■ DATASET SECTION ■
++++++++++

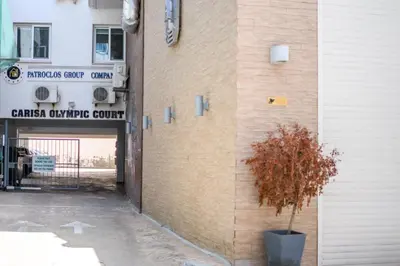 a plant in a pot next to a building at Olympia Flat 104 in Larnaka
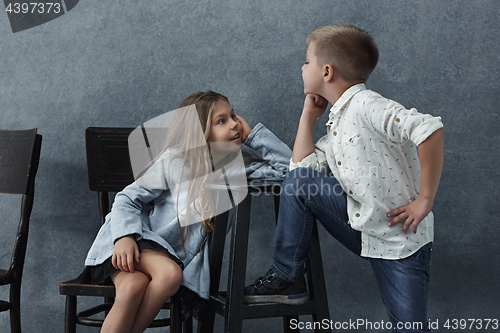 Image of A portrait of little girl and a boy on the gray background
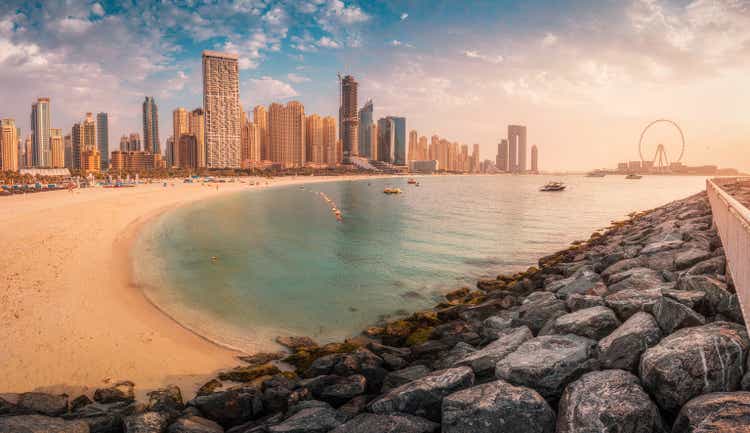 Panoramic view of the golden sand illuminated by the setting sun in the JBR beach area. Amazing skyscrapers and warm waters of the Persian Gulf are waiting for guests and tourists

++++++++++

■ WORK TO BE COMPLETED ■
Could you copy the listing above exactly, without its pictures?

■ PROBLEM SOLUTION ■
 a plant in a pot next to a building at Olympia Flat 104 in Larnaka
 Image of A portrait of little girl and a boy on the gray background
 Panoramic view of the golden sand illuminated by the setting sun in the JBR beach area. Amazing skyscrapers and warm waters of the Persian Gulf are waiting for guests and tourists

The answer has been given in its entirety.